Abstract: Hyperparameter optimisation is one of the toughest challenges in Machine Learning, especially when needed for complex models that operate on large datasets. In this workshop we cover various techniques for optimising hyperparameters - Grid search, Random search, Bayesian optimisation, and Evolutionary algorithms. We cover the theory behind each approach and discuss the various pros and cons. The participants in the workshop will get access to individual, pre-configured compute environments (Docker containers):
• Each participant will have a dedicated container and code repository with assets needed for the workshop
• The container will enable them to choose from JupyterLab, Zeppelin, and VSCode as their IDE (whichever they prefer)
• The container will have all needed Python libraries (e.g. scikit-optimize) and datasets needed for the workshop included
• The containers will be hosted in an AWS account owned by Domino Data Lab and will be available to the participants free of charge. All materials from the workshop will also be made publicly available so people will be able to download them and do further experimentation after the event.
The workshop participants will then get a chance to complete a set of tasks revolving around the various optimisation techniques and observe the outcomes. The tasks will include hyperparameter optimisation for a deep neural network and optimization of the parameters of one ensemble model (Random Forest). Additional topics that we will cover in the workshop will include:
• Implications of running hyperparameter optimisation on large models/datasets and how to solve such challenges with sampling, focused intervals, reduced number of folds etc.

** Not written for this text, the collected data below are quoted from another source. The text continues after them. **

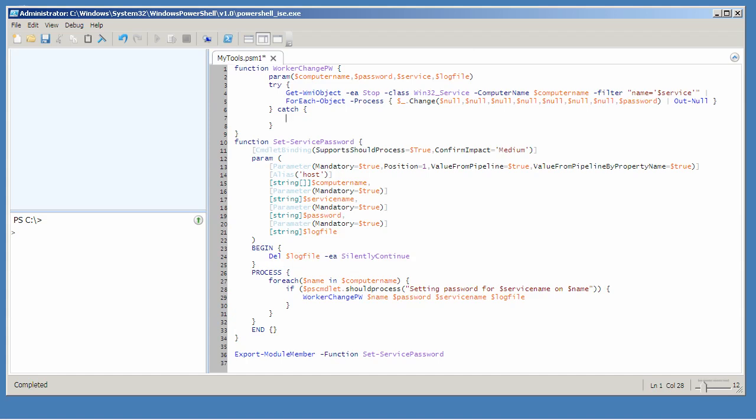In my catch block is where I'll actually log that. So I'll take the computer name, pipe it to outfile, to whatever log file name the user specified, and I'll ask it to append. If the file doesn't exist, then outfile will go ahead and create it. If it does exist, it'll just append this computer name to whatever was already in the file.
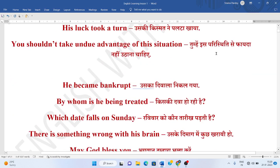Tumhye, yaa paristhiti se fayadha nahi uthana chahiye. You shouldn't take undue advantage of this situation. Undue advantage means joh galat fayadha uthate hain, usko kehte hain. Situation means paristhiti.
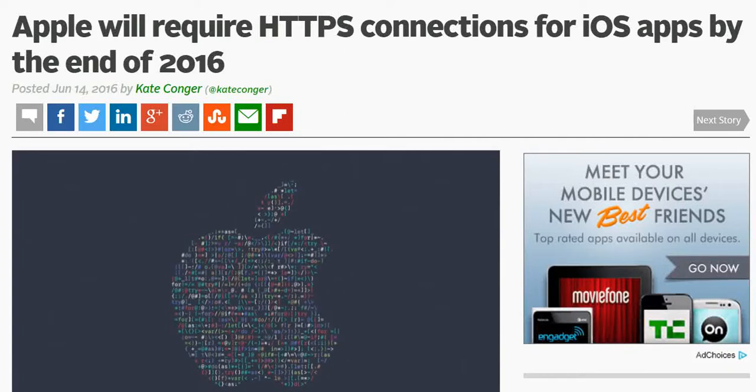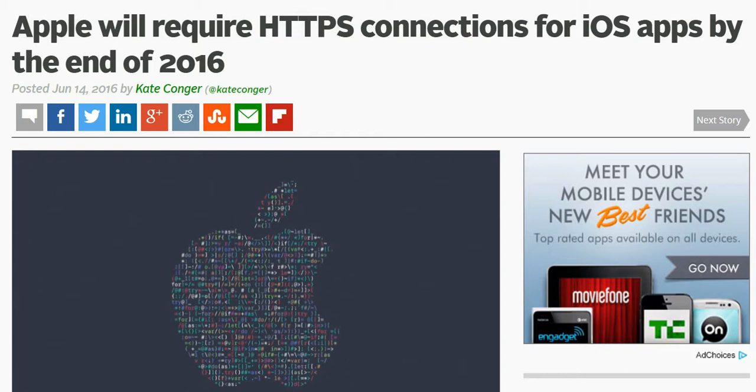This is an important update which all application developers or app developers need to keep in mind. Apple has announced that all iOS apps will require HTTPS, which is the secure protocol. This connection is mandatory for all iOS apps by the end of 2016, which means January 1st, 2017 onwards your apps will not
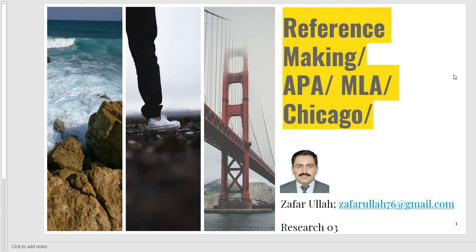Hello students, today I want to discuss reference making — APA, MLA, and Chicago reference styles.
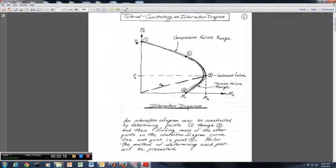An interaction diagram may be constructed by determining points 1 through 3, and then finding many other points on the interaction diagram curve. One such point is point 4 — many points like point 4 will eventually fill in the rest of the curve. In the following pages, the method of determining each of these points is presented.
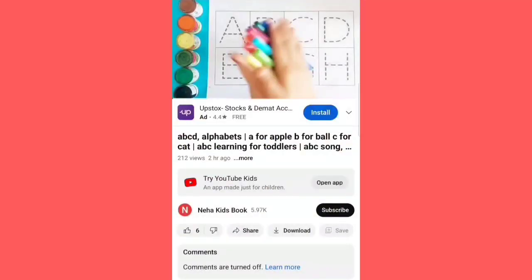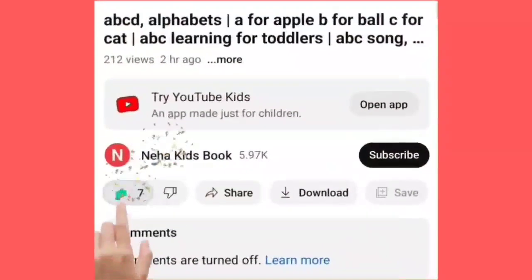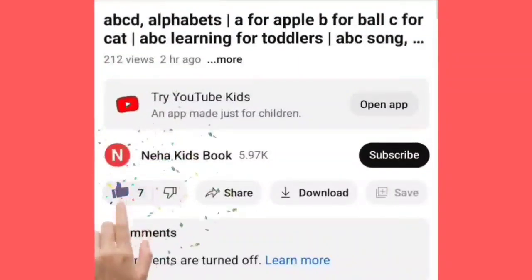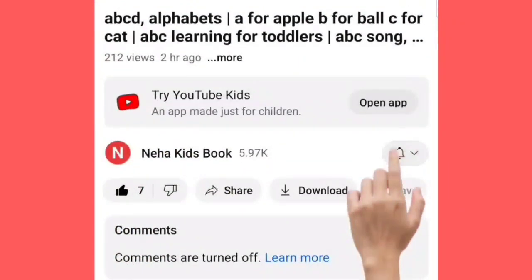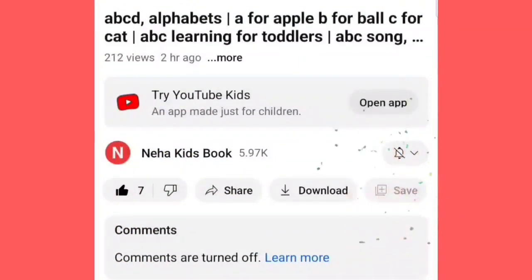तो मेरे प्यारे बच्चों, अगर आपने अभी तक ये वीडियो को लाइक नहीं किया है, तो वीडियो को लाइक कर दीजिए, और रेड कलर का बटन दबाके चैनल को सब्सक्राइब कर लीजिए।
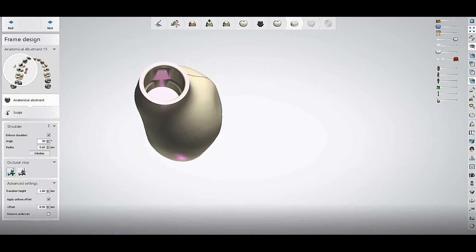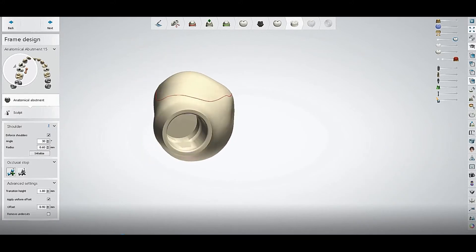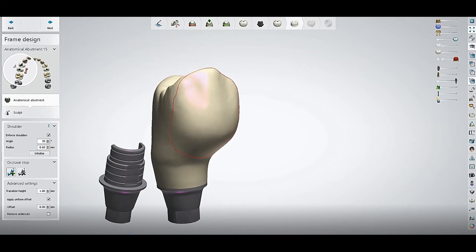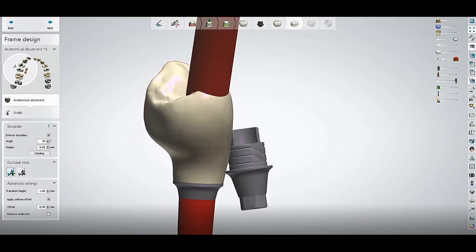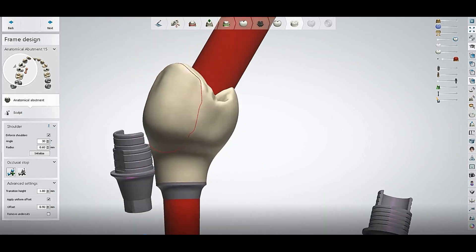First we will see if there is any problem with the crown. Check the thickness and if there are any thickness issues, ensuring everything is okay.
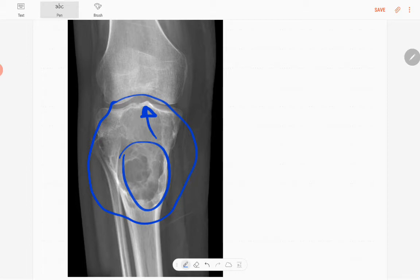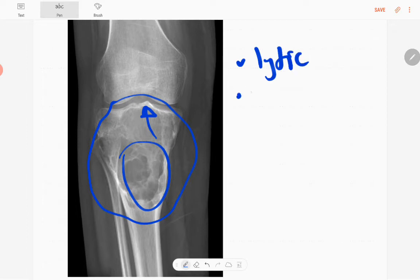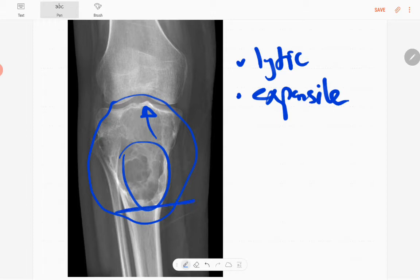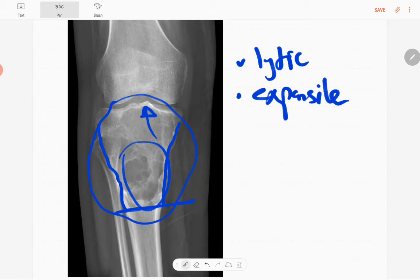The lesion is expansile with a multi-lobulated appearance and has a narrow zone of transition. There is endosteal scalloping of the cortex in this region. However, there is no cortical breach, which is a benign feature.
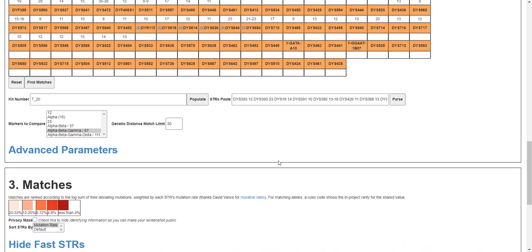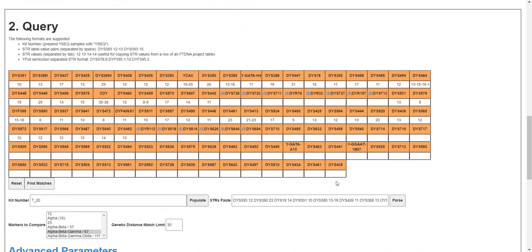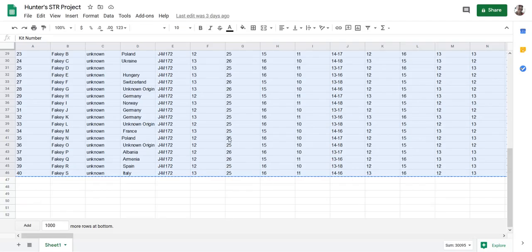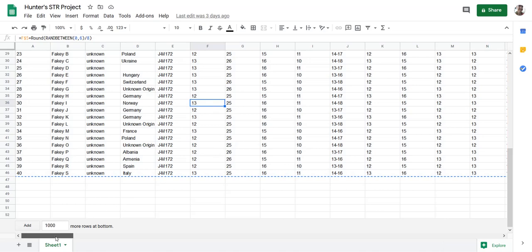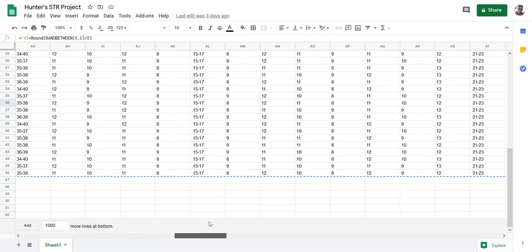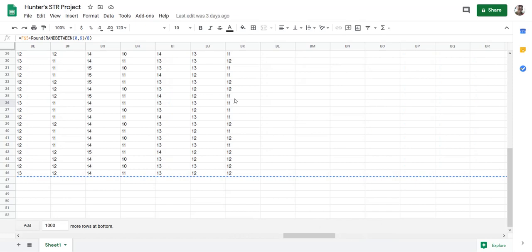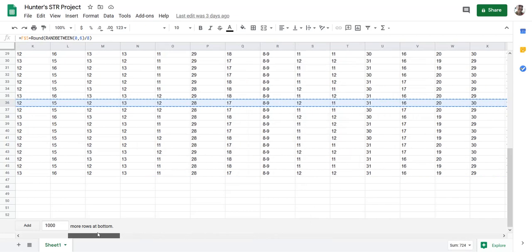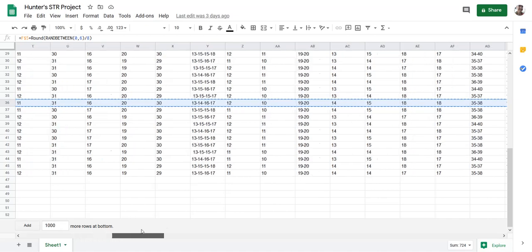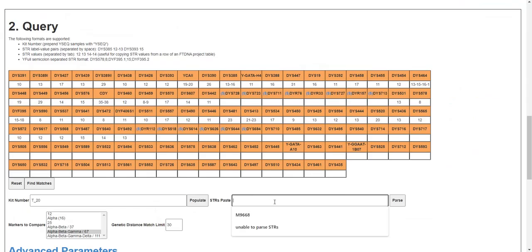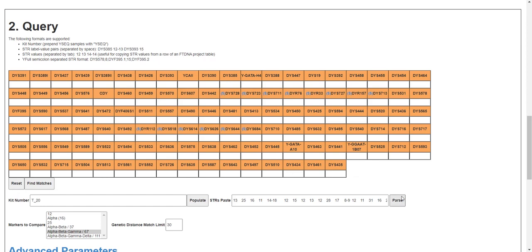Okay, so yeah, that's how you can use STR match finder. If you have data in this format, that is the standard order used by Family Tree DNA projects, you could just copy this row and paste it in here, STR paste. It parses it, this is what it looks like. You can reset if you want to just clear, but now I'll parse it and you can see it actually loaded everything. So that's easier than typing it in manually.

• Scalable hyperparameter tuning (via Ray Tune )
• Best practices and advanced techniques (e.g. dynamic termination, warm starting evaluations and optimisation etc.)
• Some open challenges in hyperparameter optimisation
Participant should be comfortable with Python and have basic machine learning knowledge.
Bio: Nikolay is an experienced Data Science professional who currently leads the EMEA Data Science team at Domino Data Lab. He holds an MSc in Software Technologies, an MSc in Data Science, and is currently undertaking postgraduate research at King's College London. His area of expertise is Statistics, Mathematics, and Data Science in general, and his research interests are in Neural Networks with emphasis on biological plausibility. He writes articles and blogs regularly and speaks at various European conferences (ODSC, Big Data Spain, Strata, Big Data London etc.) to build awareness about data science and artificial intelligence. He is also the organizer of the London Data Science and Machine Learning meetup and recipient of several technical mastery awards like the Oracle ACE Award and the IBM Outstanding Technical Achievement Award.